A Michigan retiree who has sued more than three dozen credit unions and banks over the surcharge-fee notification requirements of the Electronic Funds Transfer Act has convinced ELGA CU to settle one suit by paying as much as $76,000 to nonmembers who used six of its ATMs that lacked the mandated external notice of a surcharge.
An estimated 2,269 nonmember cardholders who used one of the six cash machines a total of 2,943 times between April 16, 2009, and Sept. 3, 2009, may be eligible for payments up to $250 each, and Nancy Kinder, of nearby Fowlerville, Mich., who brought the suit, will receive $1,000, ELGA, one of the growing number of credit unions faced with Transfer Act suits, said in court papers detailing the settlement. Cardholders must submit a claim by Aug. 8.

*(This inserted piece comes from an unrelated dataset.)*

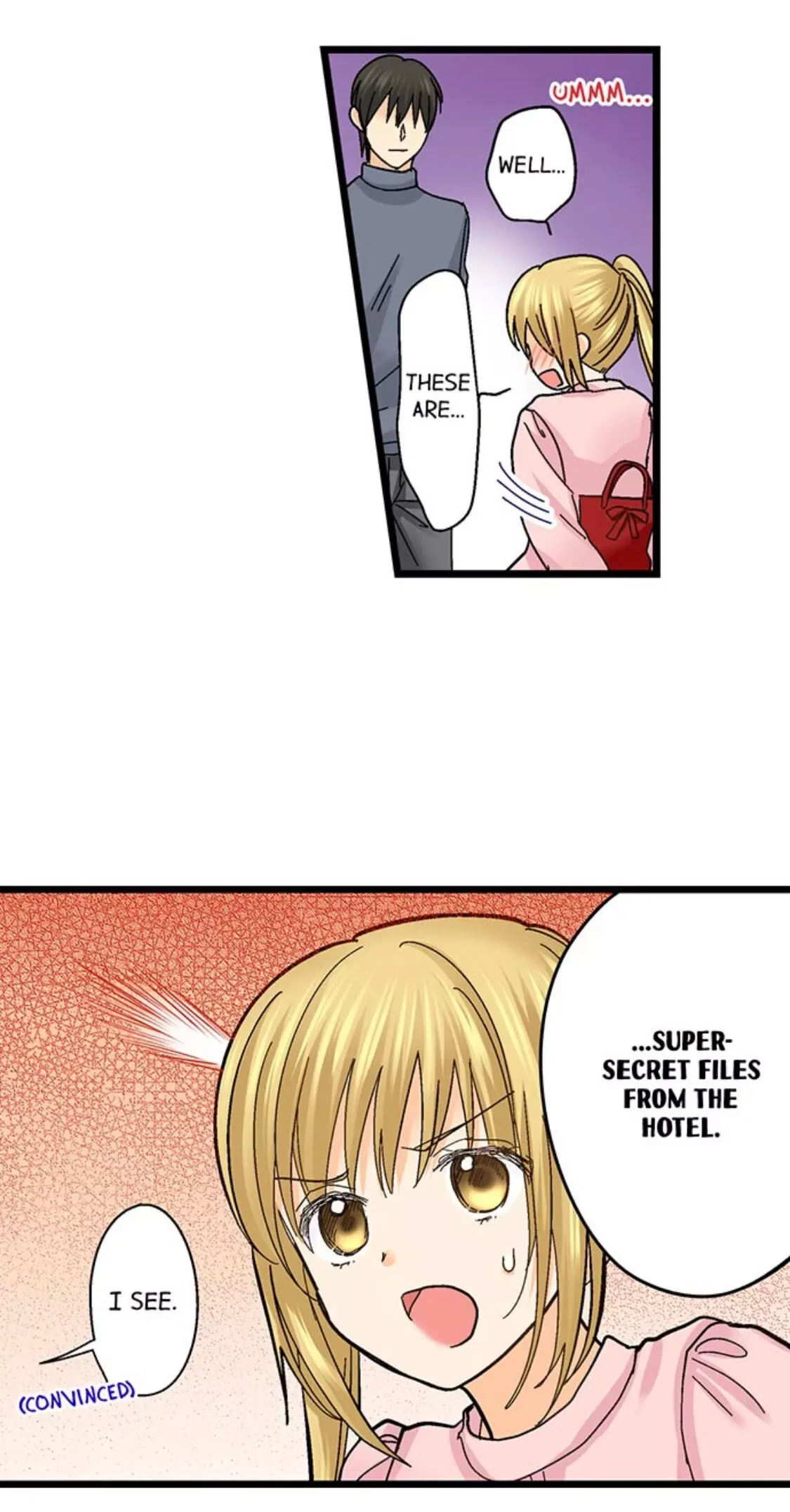 RUNNING A LOVE HOTEL WITH MY MATH TEACHER Chapter 158 page 5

The $275 million credit union is the latest target institution to agree to terms with Kinder. Independent Bank, which operates 40 ATMs in Michigan, agreed earlier this year to pay $350,000 to settle her EFTA claims.
Kinder and her partner Ray Harrison, who fancy themselves as ATM vigilantes, have been driving around the country for the past three years with camera in hand to record ATMs they say are in violation of the 10-year-old act, which requires credit unions and banks to post notices either “on or at the ATM” that non-customers will be assessed a surcharge for withdrawing cash at the machine (
Kinder is the named plaintiff in 28 different suits filed in federal courts in Michigan, Kentucky, North Carolina, South Carolina, New Mexico, Arkansas and Indiana over the past three years, with four filed most recently the same day–July 22. She has suits pending against FirstLight Federal Credit Union, Chino Federal Credit Union, White Sands Federal Credit Union, AAC Community Credit Union, Jackson Community Federal Credit Union, Michigan Schools and Government Credit Union, Lenco Credit Union, Jackson County Credit Union and Northwood Credit Union, among others.